### Excerpted data
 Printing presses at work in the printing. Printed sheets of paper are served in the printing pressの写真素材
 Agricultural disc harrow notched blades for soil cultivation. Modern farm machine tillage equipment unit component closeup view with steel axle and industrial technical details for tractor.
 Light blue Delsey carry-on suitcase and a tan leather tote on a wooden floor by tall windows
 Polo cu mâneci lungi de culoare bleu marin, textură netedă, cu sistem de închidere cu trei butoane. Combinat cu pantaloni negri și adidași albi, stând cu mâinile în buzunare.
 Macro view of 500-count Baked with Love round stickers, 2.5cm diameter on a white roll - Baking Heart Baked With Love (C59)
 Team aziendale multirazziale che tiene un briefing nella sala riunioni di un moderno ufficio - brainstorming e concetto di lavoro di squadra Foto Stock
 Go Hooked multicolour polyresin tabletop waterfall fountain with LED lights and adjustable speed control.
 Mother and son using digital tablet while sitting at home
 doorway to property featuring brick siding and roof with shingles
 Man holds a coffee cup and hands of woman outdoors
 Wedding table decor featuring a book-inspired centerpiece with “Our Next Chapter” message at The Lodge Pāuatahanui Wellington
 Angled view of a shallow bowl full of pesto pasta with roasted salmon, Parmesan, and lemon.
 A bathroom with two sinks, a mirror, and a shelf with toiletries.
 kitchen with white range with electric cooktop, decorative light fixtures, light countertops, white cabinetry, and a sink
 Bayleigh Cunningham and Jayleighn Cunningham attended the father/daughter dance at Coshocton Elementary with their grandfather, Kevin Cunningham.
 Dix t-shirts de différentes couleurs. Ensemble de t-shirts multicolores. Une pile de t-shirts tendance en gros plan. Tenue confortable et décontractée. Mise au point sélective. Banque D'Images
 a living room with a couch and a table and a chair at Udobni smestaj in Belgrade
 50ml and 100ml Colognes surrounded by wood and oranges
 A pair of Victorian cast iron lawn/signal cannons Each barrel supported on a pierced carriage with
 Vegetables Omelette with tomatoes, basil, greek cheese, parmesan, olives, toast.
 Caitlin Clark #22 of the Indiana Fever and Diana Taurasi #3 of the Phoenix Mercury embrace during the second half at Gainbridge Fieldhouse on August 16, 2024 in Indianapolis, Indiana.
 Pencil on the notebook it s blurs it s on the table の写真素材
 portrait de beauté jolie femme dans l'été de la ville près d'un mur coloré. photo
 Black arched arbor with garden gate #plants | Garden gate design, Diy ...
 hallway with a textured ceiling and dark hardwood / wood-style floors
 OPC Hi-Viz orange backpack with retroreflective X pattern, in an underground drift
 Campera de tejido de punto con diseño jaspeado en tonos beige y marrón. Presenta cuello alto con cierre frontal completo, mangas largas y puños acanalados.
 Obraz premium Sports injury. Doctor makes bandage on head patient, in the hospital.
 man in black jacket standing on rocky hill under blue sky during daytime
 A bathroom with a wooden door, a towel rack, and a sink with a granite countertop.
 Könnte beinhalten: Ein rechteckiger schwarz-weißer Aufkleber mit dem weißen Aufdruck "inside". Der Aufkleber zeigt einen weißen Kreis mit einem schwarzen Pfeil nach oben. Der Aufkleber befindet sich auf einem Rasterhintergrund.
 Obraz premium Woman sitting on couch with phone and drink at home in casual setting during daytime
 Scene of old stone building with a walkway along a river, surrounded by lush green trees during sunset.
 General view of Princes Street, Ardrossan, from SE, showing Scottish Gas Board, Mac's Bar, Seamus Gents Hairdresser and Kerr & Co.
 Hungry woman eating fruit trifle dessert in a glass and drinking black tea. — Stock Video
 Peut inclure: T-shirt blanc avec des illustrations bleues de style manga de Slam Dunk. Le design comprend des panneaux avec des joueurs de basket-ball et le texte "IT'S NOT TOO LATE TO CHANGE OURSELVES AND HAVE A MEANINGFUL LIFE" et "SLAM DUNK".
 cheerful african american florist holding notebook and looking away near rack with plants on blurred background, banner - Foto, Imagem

### What to work on
Output only the lines from the top of the entries through the one holding "Macro view of", copied exactly.

### Solution for this task
 Printing presses at work in the printing. Printed sheets of paper are served in the printing pressの写真素材
 Agricultural disc harrow notched blades for soil cultivation. Modern farm machine tillage equipment unit component closeup view with steel axle and industrial technical details for tractor.
 Light blue Delsey carry-on suitcase and a tan leather tote on a wooden floor by tall windows
 Polo cu mâneci lungi de culoare bleu marin, textură netedă, cu sistem de închidere cu trei butoane. Combinat cu pantaloni negri și adidași albi, stând cu mâinile în buzunare.
 Macro view of 500-count Baked with Love round stickers, 2.5cm diameter on a white roll - Baking Heart Baked With Love (C59)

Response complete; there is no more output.